01/12/2024 06:27:00 PM
Bill McKibben wrote a great piece on China's problem with growth in the December edition of Harper's Magazine. It really brings into perspective the scale of the problems that this hyper-developing country faces. Making it clear that it's not a slam-dunk that China will become the world's dominant economic power. It's possible that environmental problems could easily ruin its plans.

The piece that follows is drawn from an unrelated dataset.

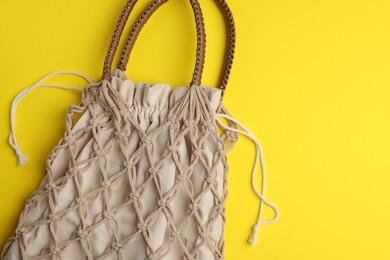 Photo of Macrame shopping bag on yellow background, top view. Space for text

Some of the problems highlighted in the article include:

Soil Erosion

" American environmentalist Lester Brown, a longtime student of China, says that there are 339 million goats and sheep in the country, compared with seven million in the United States. "I've been in areas where the farmers have to put human clothes on their mohair goats to keep them from grazing one another", he told me. "There's nothing to eat". Without roots to hold the soil, much of the countryside has simply turned to sand."

Lack of water

"China's north is simply parched. As the flow of the Chao and other rivers has been siphoned off by the cities growing alongside them, Beijing has been drawing more and more of its own water from an underground aquifer - half or more of the water it uses comes from underground, and as a result the water table is sinking by meters every year. "Some northern cities will simply be out of water in eight or ten years", Ma Jun, author of China's Water Crisis, the one great environmental book China has yet produced, told me over lunch in Beijing one day. The earth subsides into sinkholes in dozens of places every year now, and fissures yards wide suddenly appear like earthquake faults."

Coal Pollution

"In 2004, China added fifty billion watts of generating capacity to its electric grid. In 2005, it will have added another 65 billion watts. You can do the math any number of ways - they're adding two New England's to their electric system annually, or half of India, or a Brazil. No power grid on earth has ever grown anywhere near that fast. Almost all of the new power comes from coal, which China has in cheap abundance; Party officials have announced ambitious plans to build two nuclear reactors every year until 2020, but even if they manage to pull it off, only about four percent of their electricity will come from atomic reactors. Essentially, China is going to burn coal - it will have passed the two-billion-ton mark this year."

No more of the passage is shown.